This paper proposes a novel segmentation network designed for building segmentation in remote sensing imagery. It leverages a fusion of transformer and CNN elements, distinct from purely transformer-based networks. In particular, the improved SwinTransformer is used as an encoder for global feature extraction, the LFEM + MNPA is used for extracting local information, and the PLKC module is employed to obtain multiscale large receptive fields, solving the limitations of pure transformers on smaller datasets and the loss of detail information by SwinTransformer.

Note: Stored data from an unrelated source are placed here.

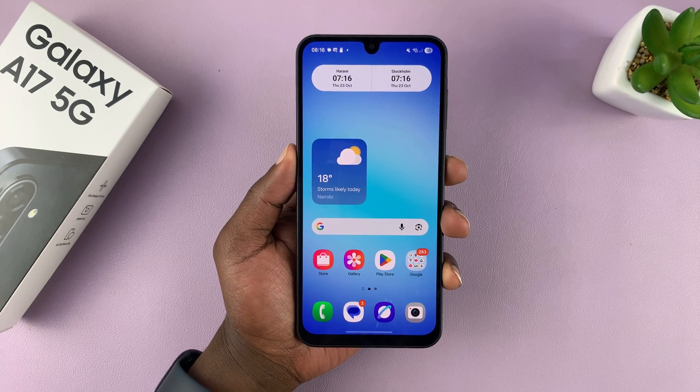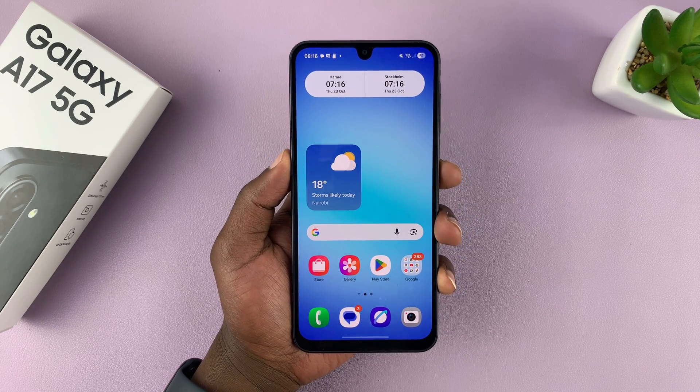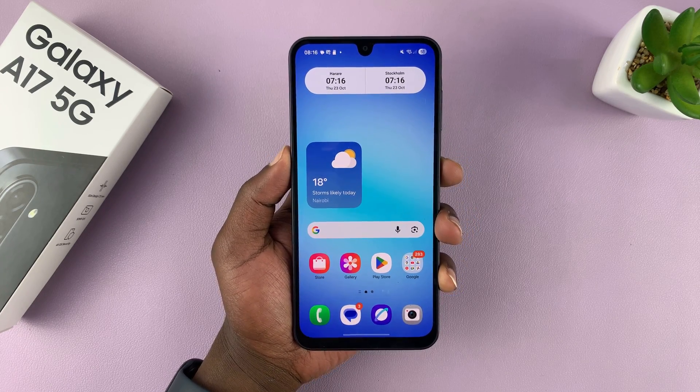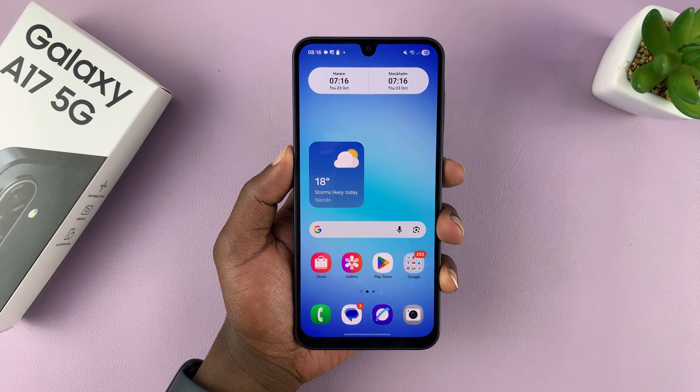I've got the Galaxy A17 5G and let me show you how to change the default messaging app.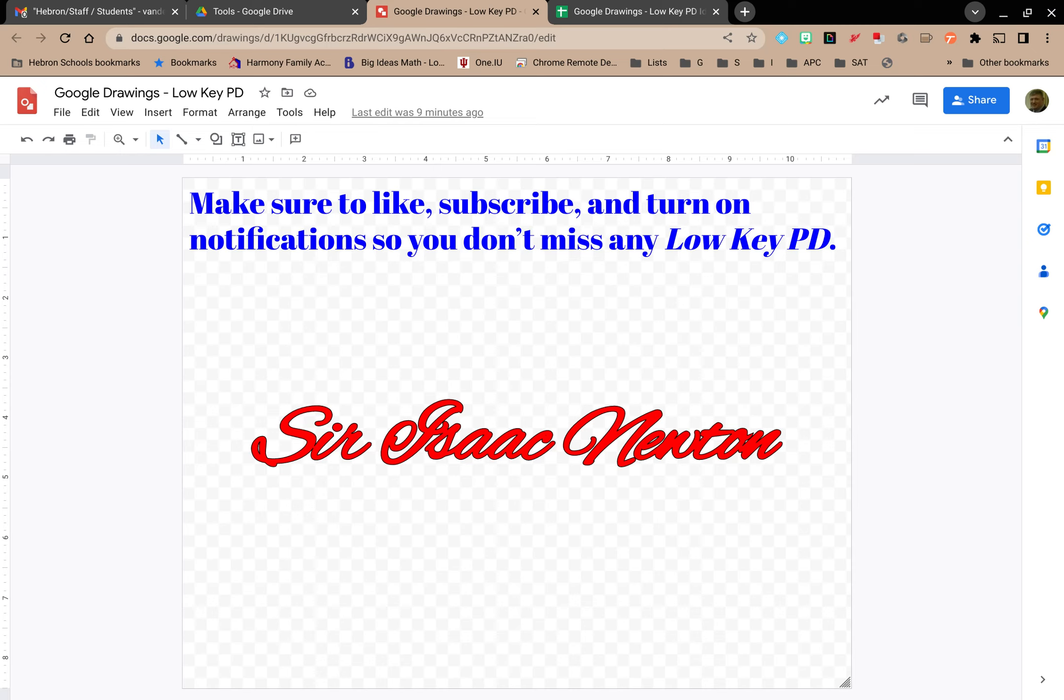Welcome to Low-Key PD. In this video, we're going to explore how to update your preferences for a Google Drawing.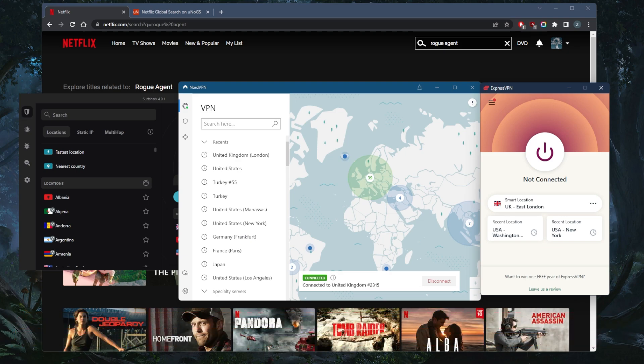And of course, you do have 30 days to test drive these VPNs risk free, thanks to the 30 day money back guarantee. So you can keep testing them out to your heart's content.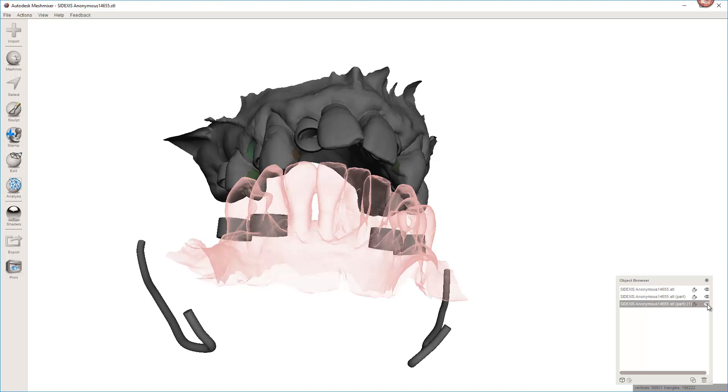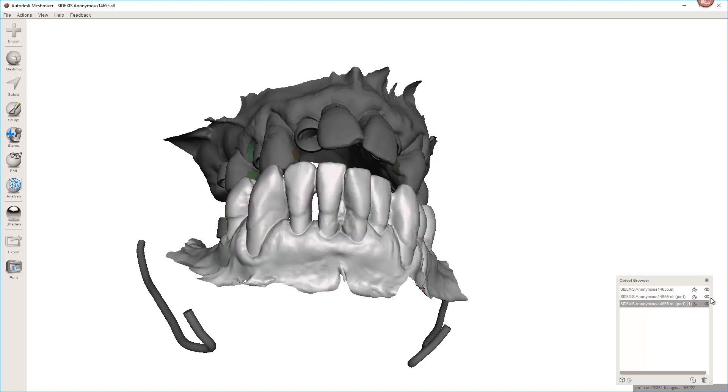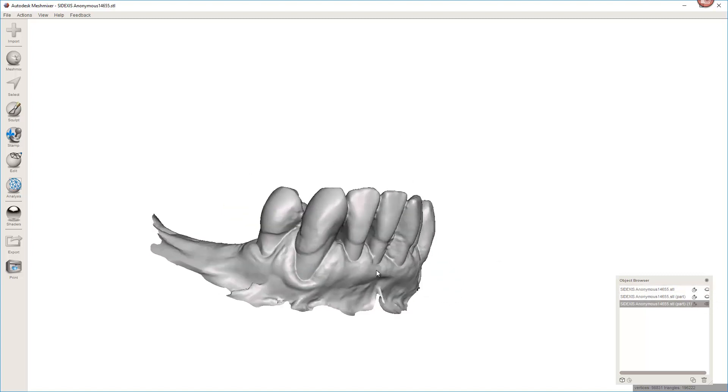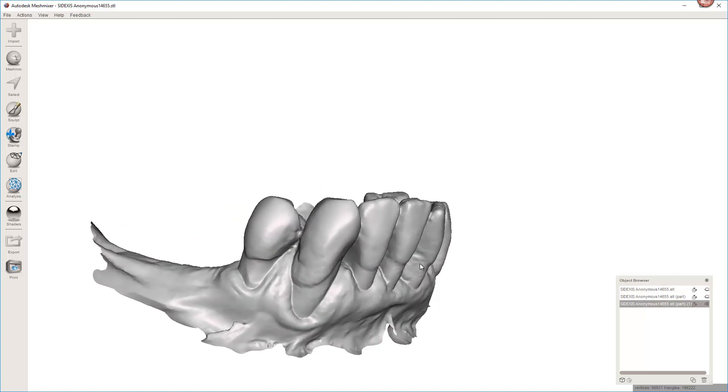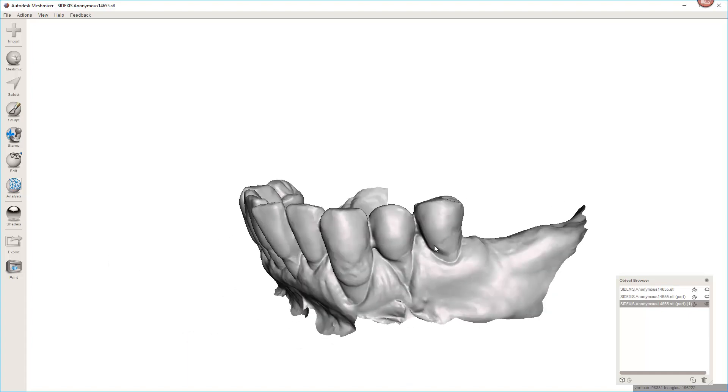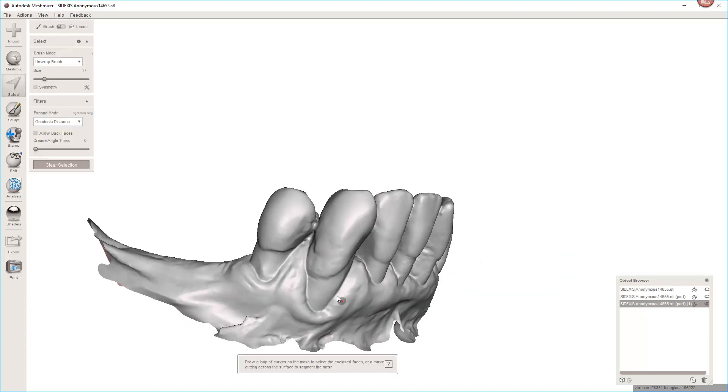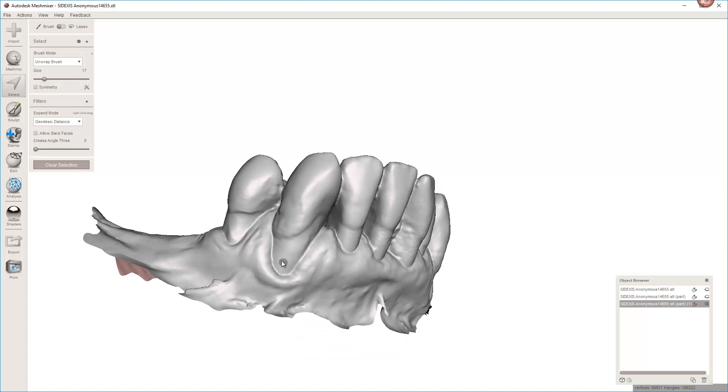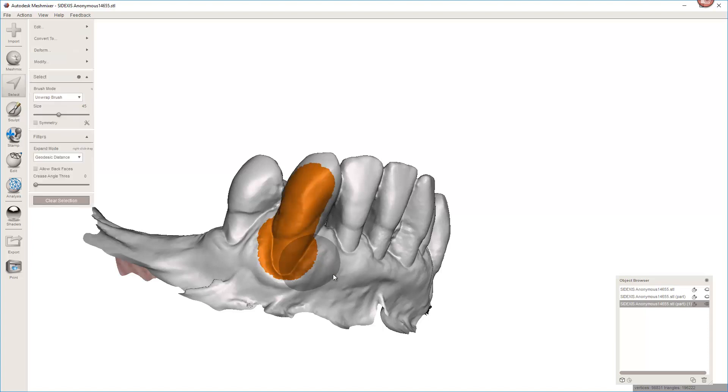So I'm going to go ahead and turn this stuff off. I'm going to focus on getting these canines gone and this second premolar here. I hit S to select and I'm going to mess with the brush size. The problem is if you have it too big, you get a lot of bleed over and you have to come back, hold shift and deselect and it just gets tedious.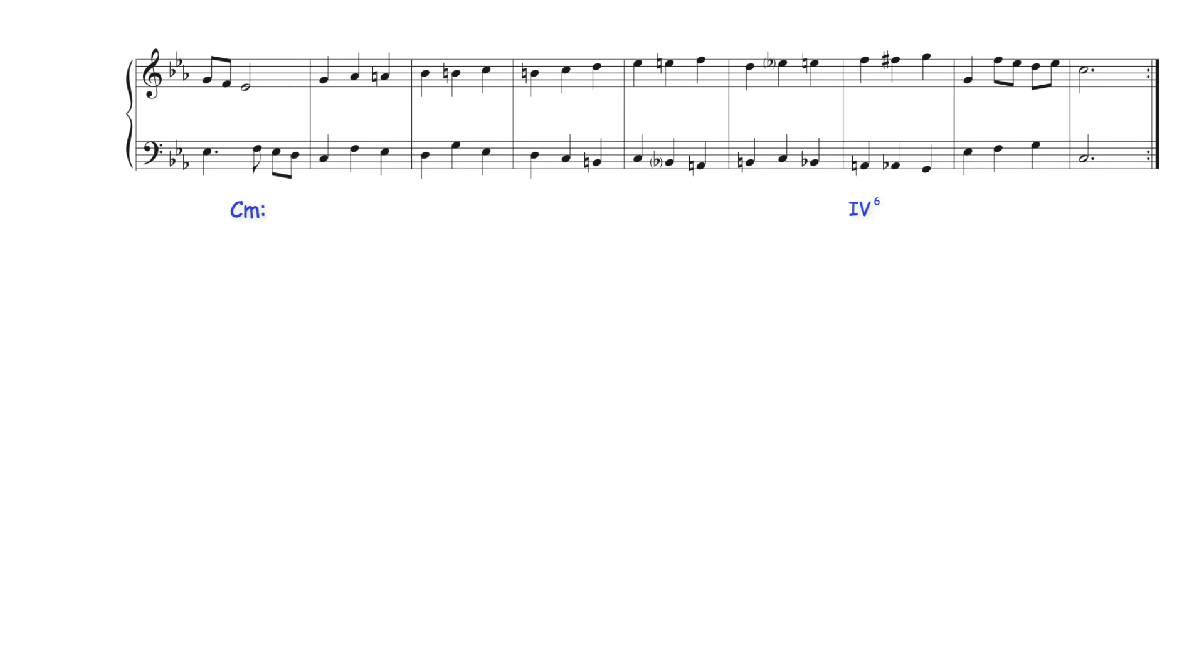Major subdominant harmony then moves through an augmented sixth chord to dominant and tonic harmony. The work then concludes with a cadence in C minor.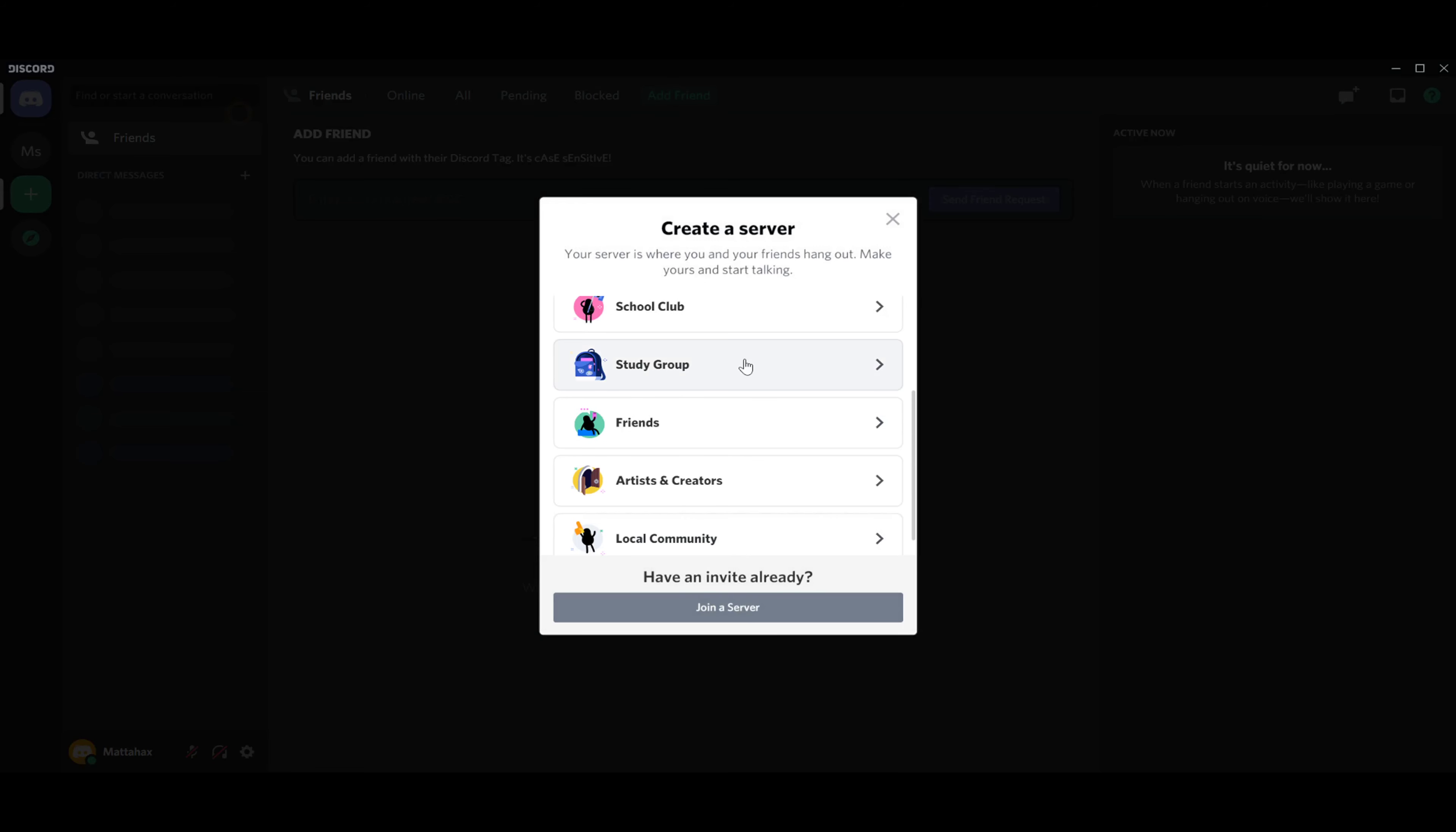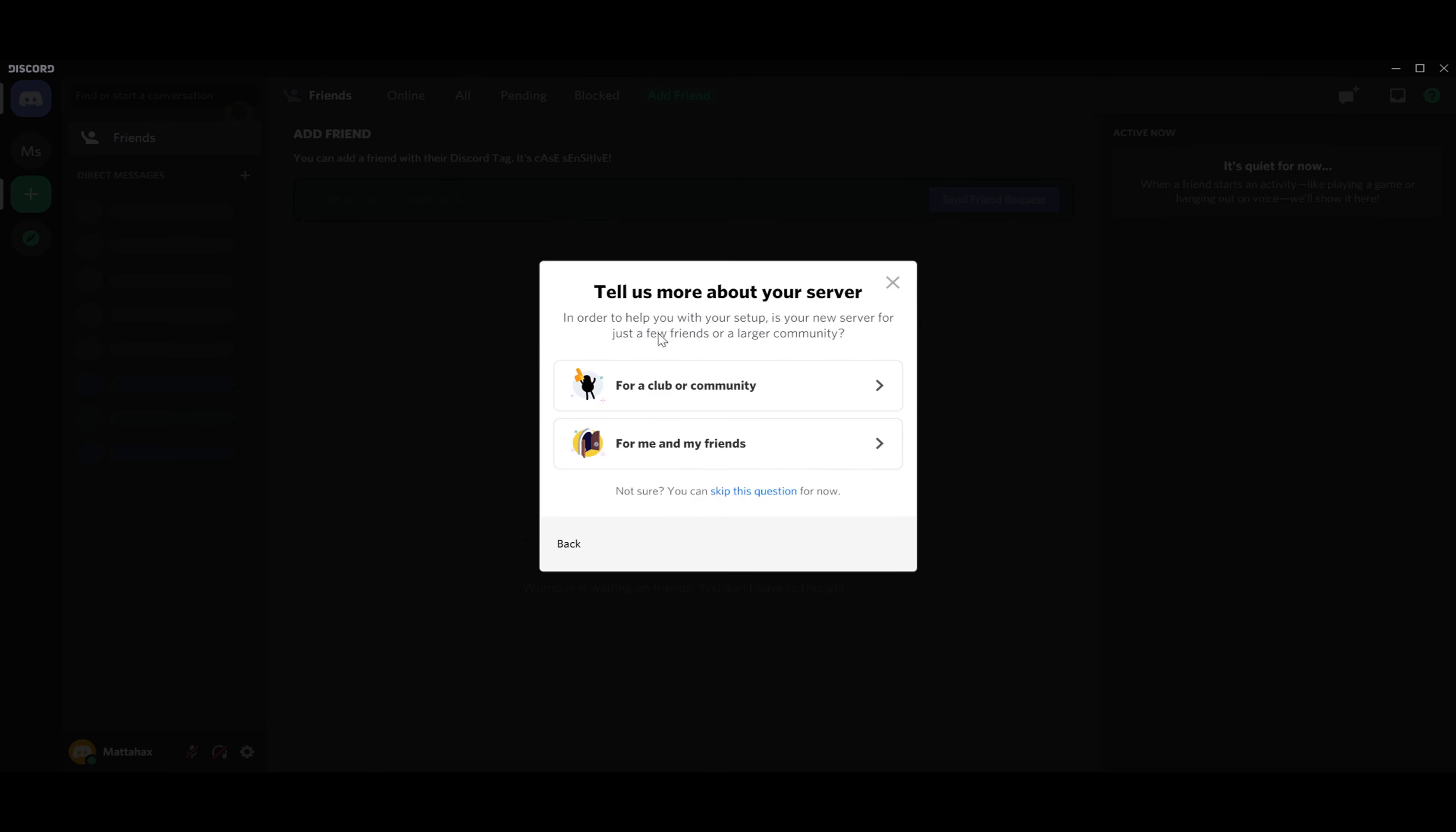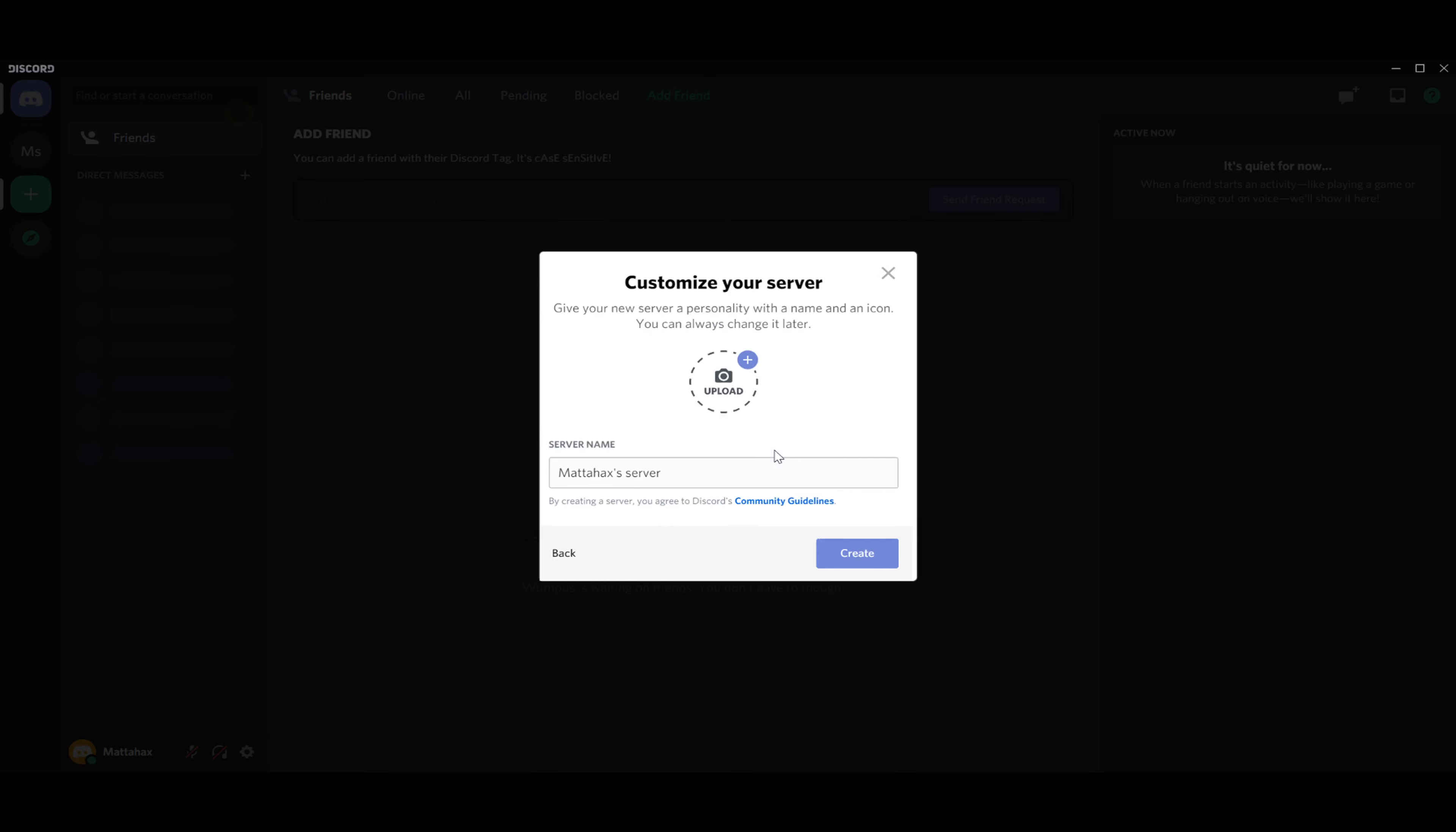Let's go with create my own. You can also choose if it's for club or community or just for you and your friends. Let's go just for you and your friends.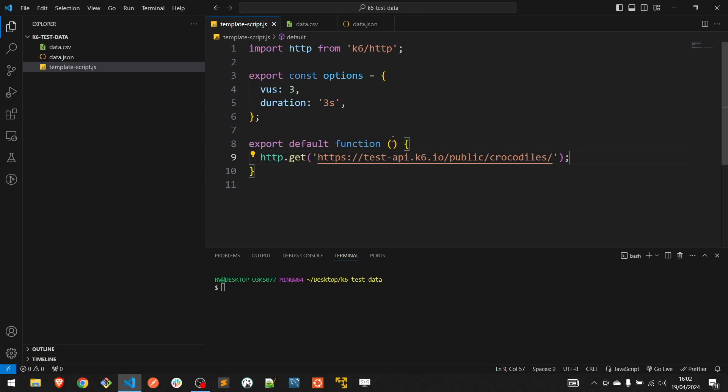The simplest way to add test data is using arrays. I am going to define two arrays for usernames and passwords.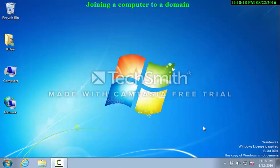Greetings Cohort 12. In this video I will be demonstrating how to join a computer, a PC, to a domain, specifically using Windows 7. Windows 7 is the OS environment that you will be tested on in the Nano 2.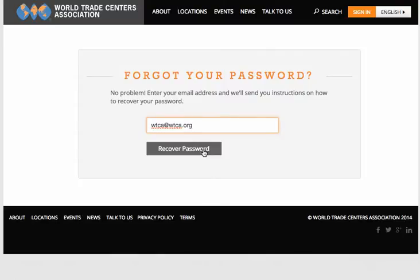If you do not receive an email from the platform, please contact us at support@WTCA.org and we can assist you with resetting your password.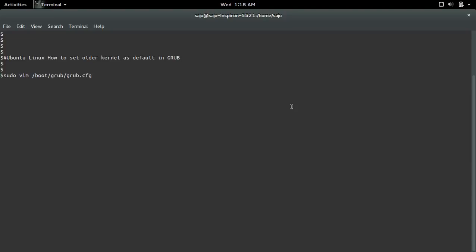This video shows how to set an older kernel as the default kernel in GRUB. First we need to find the index of the GRUB menu. For that we need to open this file: /boot/grub/grub.cfg.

Our main contributions are summarized as follows:

  1. Introduction of a new segmentation network called LMSwin_PNet, representing a hybrid of SwinTransformer and U-Net architectures. This network was successfully applied to three publicly available building datasets;

  2. Proposal of the local feature extraction module (LFEM), combining the potent global information extraction capability of the SwinTransformer encoder to complement the local information that SwinTransformer may overlook;

  3. Proposal of the nonparametric merging attention (MNPA) module. This module enhances features at each layer, with the number of channels in MNPA adapting to the feature maps. The greater the number of channels, the more feature map groups that are employed, with the maximum number of feature map groups increasing alongside the channel count. The designed MNPA module collaborates with the LFEM module to concentrate on pertinent building areas;

  4. Proposal of the PLKC module, which is characterized by varying convolution kernel sizes. The PLKC block size adjusts to the feature map's dimensions. For larger feature maps, smaller convolution kernel sizes are employed within the PLKC block. This pyramid structure, coupled with a large receptive field, allows for the capture of more information, thereby significantly enhancing network-segmentation representation and performance.

2. Related work

2.1. Semantic segmentation of buildings

Traditional semantic segmentation methods are often used for semantic segmentation of buildings. Li et al. (Citation2015) obtained the initial classification of image pixels based on unsupervised segmentation, and then developed a new conditional random field formula to achieve accurate building segmentation. Du, Zhang, and Zhang (Citation2015) learned a random forest classifier from a large number of imbalanced samples with high-dimensional features to perform more precise semantic segmentation of buildings. Although traditional semantic segmentation algorithms are suitable for extracting buildings, they often rely on manual feature extraction and rule design, making it difficult to handle complex scenes and diverse architectural styles.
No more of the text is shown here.